Eglises d'Asie

Après le procès du 15 novembre 1993 : regain de tension dans les milieux bouddhistes de Huê

Publié le 18/03/2010




Depuis le début du mois de décembre 1993, un certain nombre de témoignages sont venus dissiper en partie l’obscurité entourant le procès du 15 novembre dernier, au cours duquel quatre religieux et cinq fidèles bouddhistes avaient été condamnés à diverses peines de prison (31). En particulier, des renseignements nouveaux ont été fournis par une lettre de recours destinée à « faire opposition au jugement », envoyée, le 7 décembre 1993, à onze instances gouvernementales par les parents et les confrères des religieux et fidèles condamnés (32). On a ainsi appris que le procès avait eu lieu à l’intérieur d’une caserne et que la cour dite « populaire » était composée aux quatre cinquièmes par des cadres, des policiers en uniforme et des membres du Parti à la retraite. Les accusés, dépourvus de toute défense, n’ont eu à aucun moment la possibilité de se justifier, malgré les demandes exprimées par eux devant la cour. La lettre de recours demande que l’affaire soit jugée une seconde fois en public, avec un jury véritablement populaire et une défense impartiale.

Par ailleurs, est parvenue en Occident (33) la version bouddhiste de l’auto-immolation du fidèle dans l’enceinte de la pagode de la Dame céleste à Huê le 21 Mai 1993 (34). De ce sacrifice qui avait entraîné la manifestation du 24 mai pour laquelle les quatre religieux bouddhistes viennent d’être condamnés, on ne connaissait jusqu’ici que la version du gouvernement. Elle avait d’ailleurs varié plusieurs fois en ce qui concerne les motivations de la victime. Après avoir d’abord parlé de « désespoir causé par le sida » comme motif de l’immolation, les médias officiels n’avaient plus retenu que le chagrin éprouvé à la suite d’une querelle conjugale (35). Selon les sources bouddhistes, le fidèle, originaire du village de Quang Ngan de la province de Thua Thiên, s’appelait Nguyen Van Dung, appartenait à une famille de tradition bouddhiste et était âgé de 28 ans. Avant d’accomplir son geste, il aurait confié à son épouse qu’il ne pouvait plus supporter de rester sans réaction devant la situation faite au bouddhisme.

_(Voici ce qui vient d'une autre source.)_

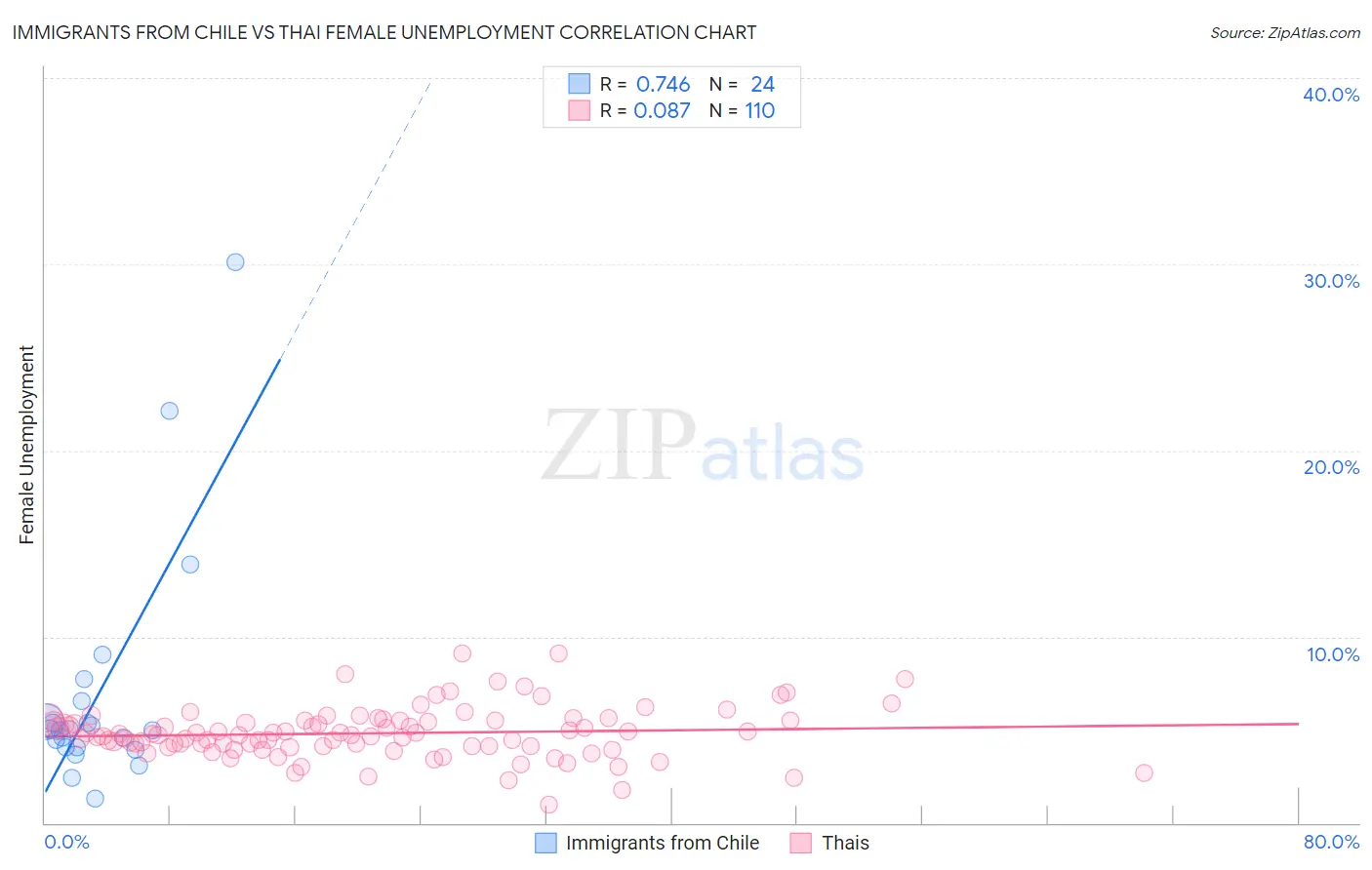 Immigrants from Chile vs Thai Female Unemployment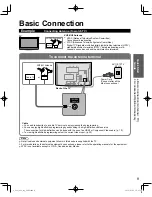 Preview for 10 page of Panasonic Viera TC-L22C22X Operating Instructions Manual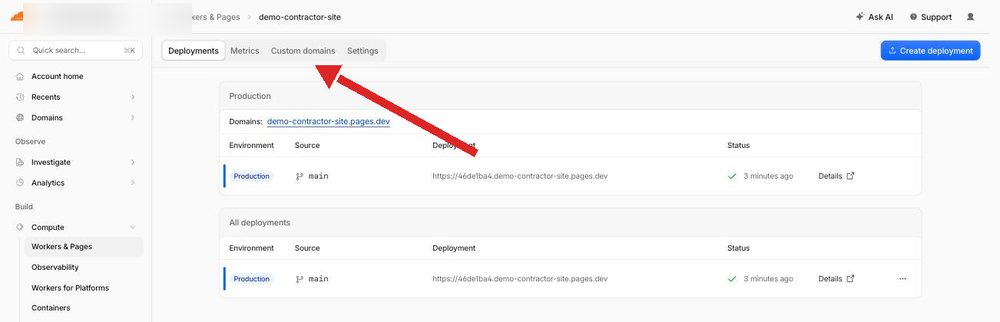 The Custom domains tab on a Cloudflare Pages project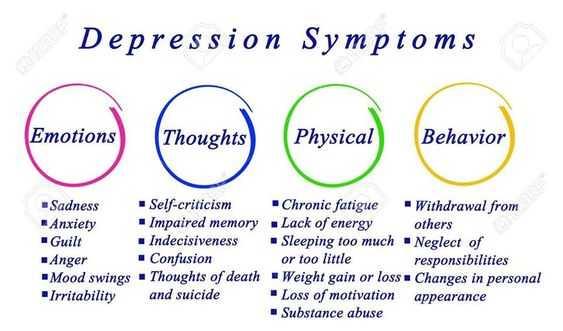 Clinical Depression - What is it?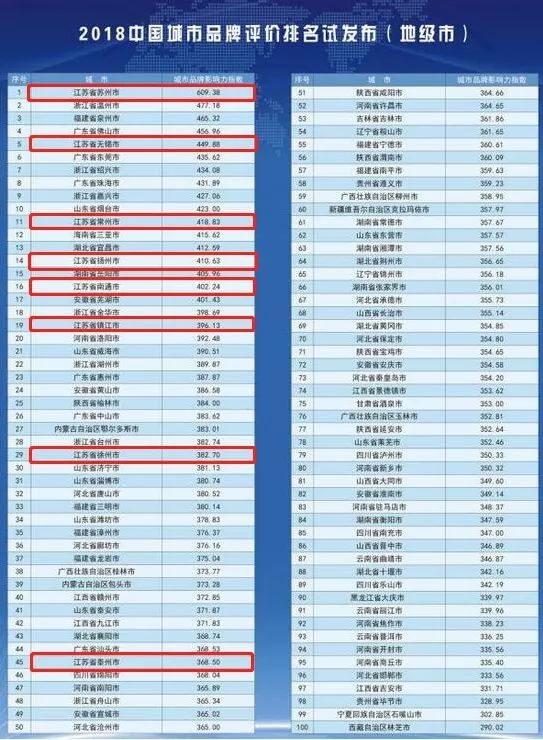 澳门六张牌照归属公司的名字及其业务概览（视频下载附后）澳门6张牌照归属公司有哪些名字呢视频下载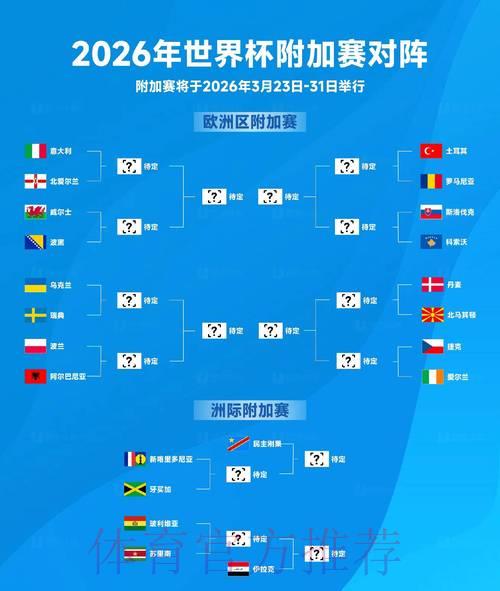 2026年女足世界杯全程直播收看攻略及赛事深度解读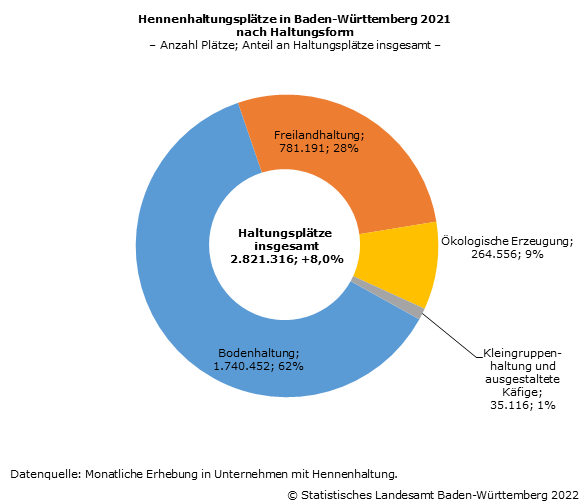 Schaubild 2: Hennenhaltungsplätze in Baden-Württemberg 2021 nach Haltungsform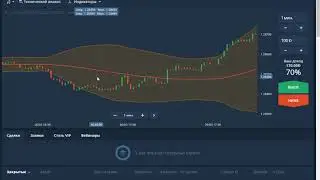 Прибыльная стратегия на 1 минуту для валютной пары USD CAD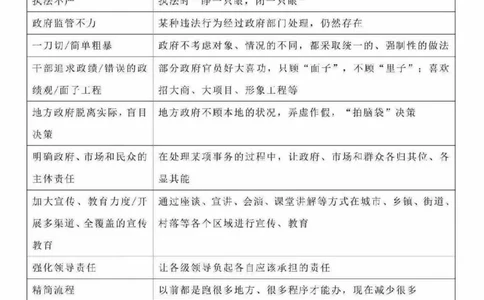 专项规范词_26吉林考备考资料包_05申论资料包（人物素材申论模板等）_021行政执法类申论汇编_4行政执法类申论规范词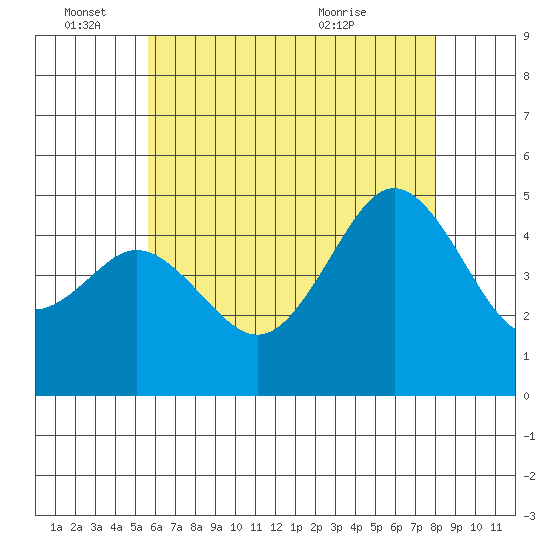 National City tide chart for Saturday, June 15, 2024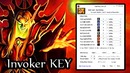 Видео ролик про Invoker tools (инвокер кей)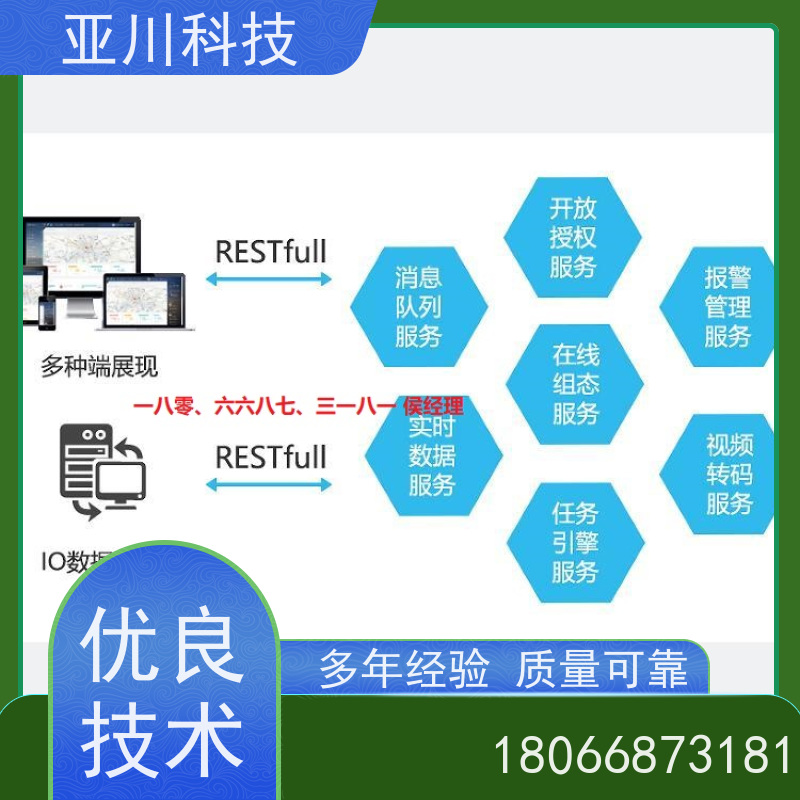 山东ibms集成管理平台移动端应用提高工作效率，节约运行成本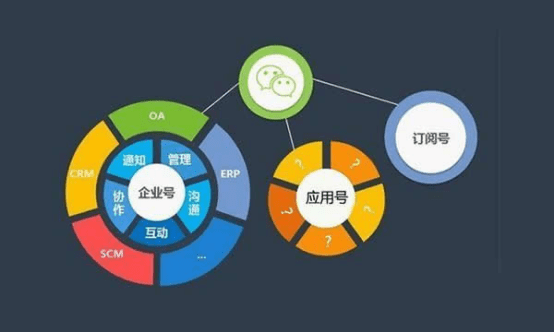 微信二次开发服务商怎么选才不会踩坑? 第2张 微信二次开发服务商怎么选才不会踩坑? 第2张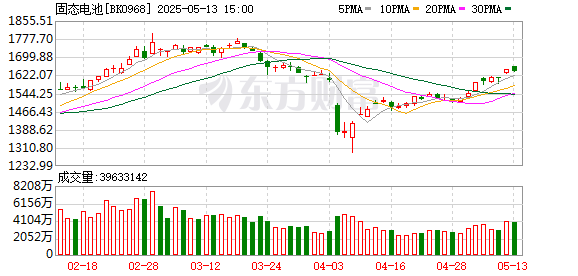 尚红网  在路上！固态电池领域多重利好即将发布 研发强度显著提升的低位股来了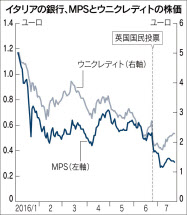 stock price of Italian bank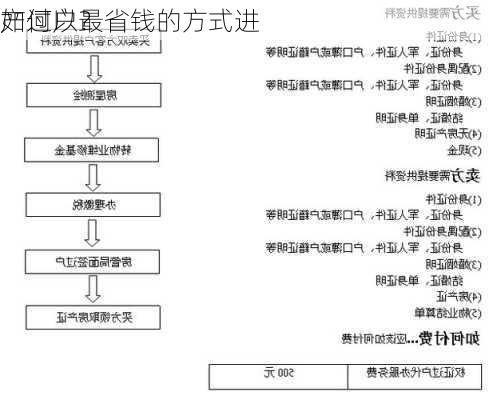 如何以最省钱的方式进
产过户？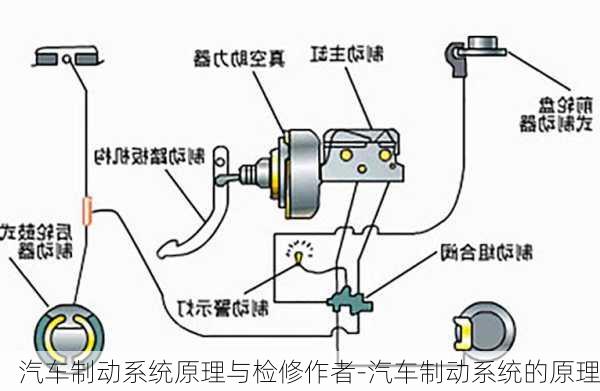 汽车制动系统原理与检修作者-汽车制动系统的原理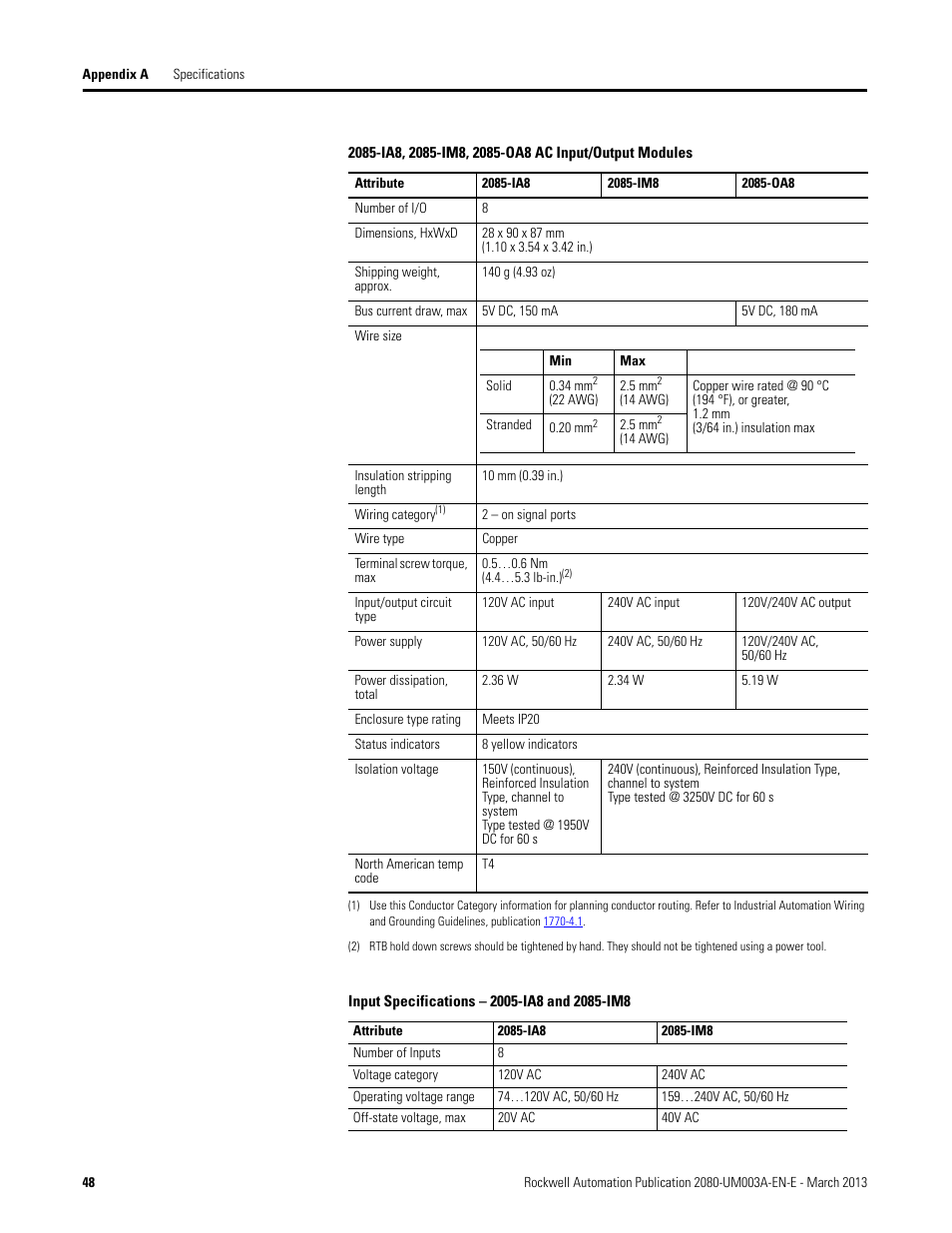 Input specifications – 2005-ia8 and 2085-im8 | Rockwell Automation 2085 Micro800 Discrete and Analog Expansion I/O Modules User Manual | Page 56 / 78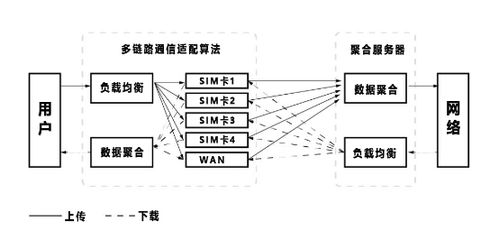 現在的通信方法哪些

Pendant ce temps, la tension continue de monter dans certains milieux bouddhistes, en particulier au sein du clergé de l’Eglise d’Etat de l’ancienne capitale impériale de Huê. Cinquante-deux religieux appartenant à vingt-huit pagodes de Huê (36) ont manifesté pacifiquement pendant trois jours devant la pagode Tu Dam, qui avait servi en 1963 de lieu de ralliement à la rébellion bouddhiste contre le régime du président Ngô Dinh Diêm. Les manifestants avaient précédemment envoyé à la direction de l’Eglise d’Etat deux pétitions réclamant une enquête sur la situation du bouddhisme dans la province (37), sans obtenir de réponse. Le vénérable Thich Thiên Siêu, supérieur de la pagode Tu Dam, devenue aujourd’hui le siège principal de l’Eglise d’Etat à Huê, député à l’Assemblée nationale (38) et membre de la direction de l’Eglise d’Etat, a refusé de recevoir les manifestants.